**Data extracted from a collection**
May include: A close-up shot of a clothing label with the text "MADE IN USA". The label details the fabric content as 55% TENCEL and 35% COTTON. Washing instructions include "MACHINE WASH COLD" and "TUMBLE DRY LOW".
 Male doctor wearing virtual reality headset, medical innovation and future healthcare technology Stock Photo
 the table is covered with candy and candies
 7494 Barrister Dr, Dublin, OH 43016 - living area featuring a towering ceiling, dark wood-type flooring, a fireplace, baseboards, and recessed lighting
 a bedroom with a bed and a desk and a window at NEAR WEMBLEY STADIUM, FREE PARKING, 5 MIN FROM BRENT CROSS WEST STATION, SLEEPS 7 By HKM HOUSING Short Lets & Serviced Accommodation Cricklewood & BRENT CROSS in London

**Exercise instructions**
Write down all the entries again without a single difference.

**Solution to the problem**
May include: A close-up shot of a clothing label with the text "MADE IN USA". The label details the fabric content as 55% TENCEL and 35% COTTON. Washing instructions include "MACHINE WASH COLD" and "TUMBLE DRY LOW".
 Male doctor wearing virtual reality headset, medical innovation and future healthcare technology Stock Photo
 the table is covered with candy and candies
 7494 Barrister Dr, Dublin, OH 43016 - living area featuring a towering ceiling, dark wood-type flooring, a fireplace, baseboards, and recessed lighting
 a bedroom with a bed and a desk and a window at NEAR WEMBLEY STADIUM, FREE PARKING, 5 MIN FROM BRENT CROSS WEST STATION, SLEEPS 7 By HKM HOUSING Short Lets & Serviced Accommodation Cricklewood & BRENT CROSS in London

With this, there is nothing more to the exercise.